Dataset entries:
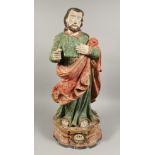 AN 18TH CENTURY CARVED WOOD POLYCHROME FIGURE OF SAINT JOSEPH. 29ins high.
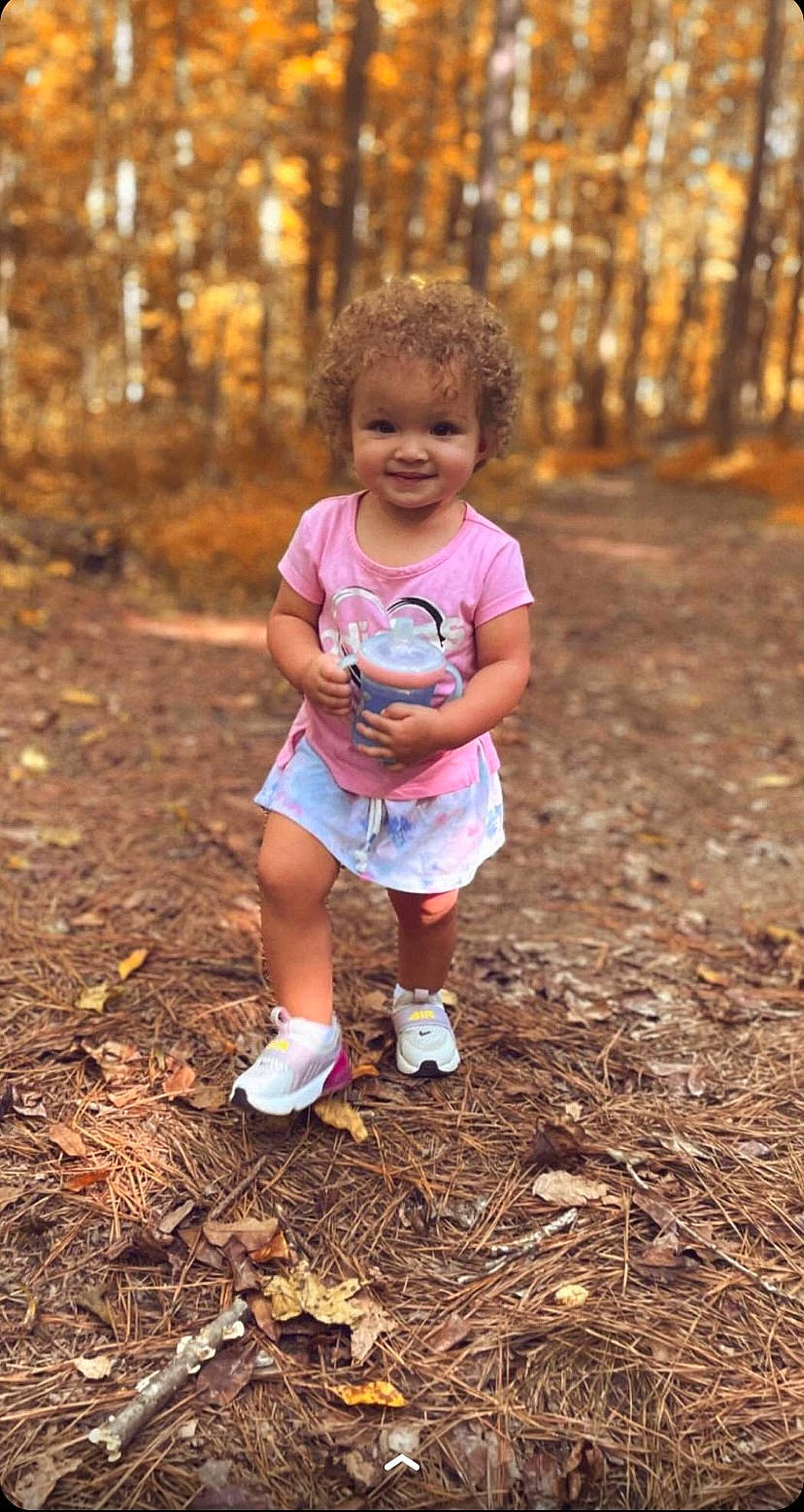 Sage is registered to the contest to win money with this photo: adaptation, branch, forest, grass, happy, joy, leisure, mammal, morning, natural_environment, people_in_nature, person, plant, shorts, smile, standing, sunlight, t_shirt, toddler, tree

...

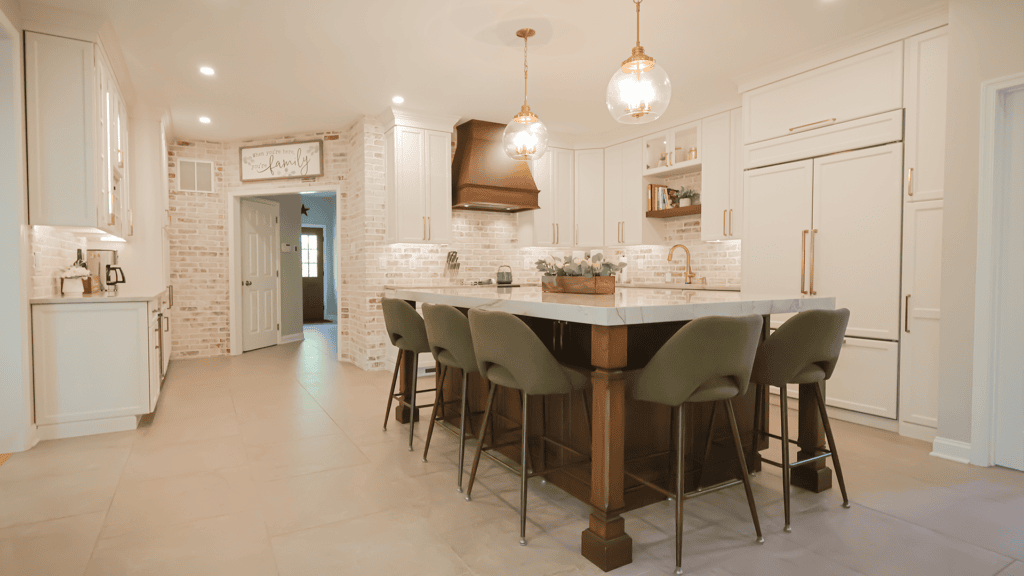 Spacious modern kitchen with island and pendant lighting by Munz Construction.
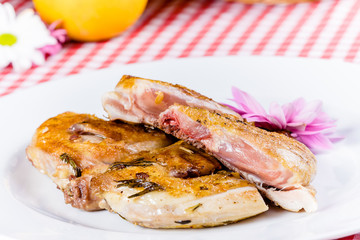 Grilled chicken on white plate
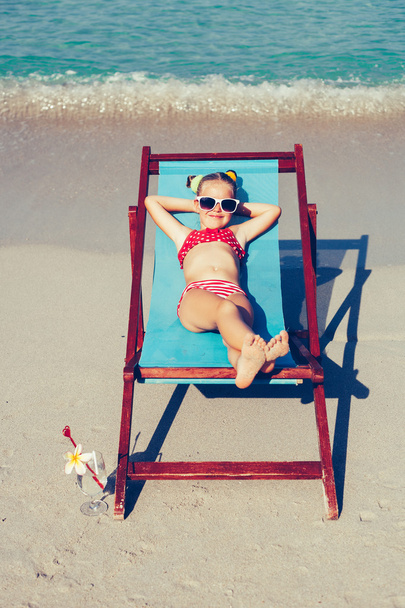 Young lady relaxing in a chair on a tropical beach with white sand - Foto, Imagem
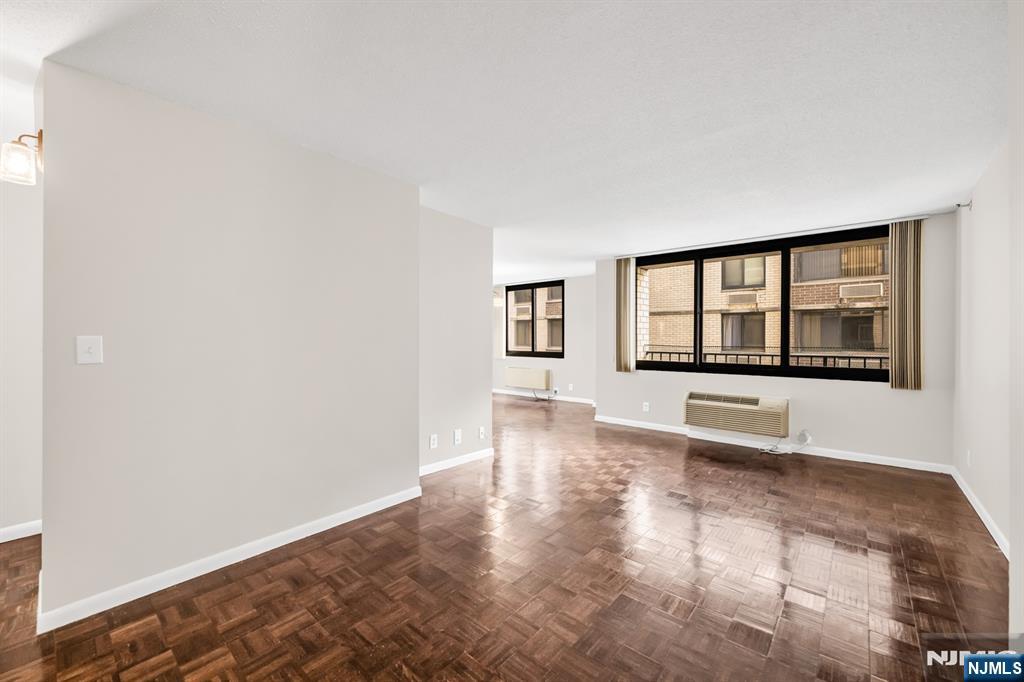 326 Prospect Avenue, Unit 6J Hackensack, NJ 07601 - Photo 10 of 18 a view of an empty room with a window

Work item:
Now transcribe the lines above exactly, starting at the line containing "Grilled chicken on white plate" and ending at the line containing "326 Prospect Avenue, Unit", both lines included, pictures excluded.

Result for this task:
 Grilled chicken on white plate
 Young lady relaxing in a chair on a tropical beach with white sand - Foto, Imagem
 326 Prospect Avenue, Unit 6J Hackensack, NJ 07601 - Photo 10 of 18 a view of an empty room with a window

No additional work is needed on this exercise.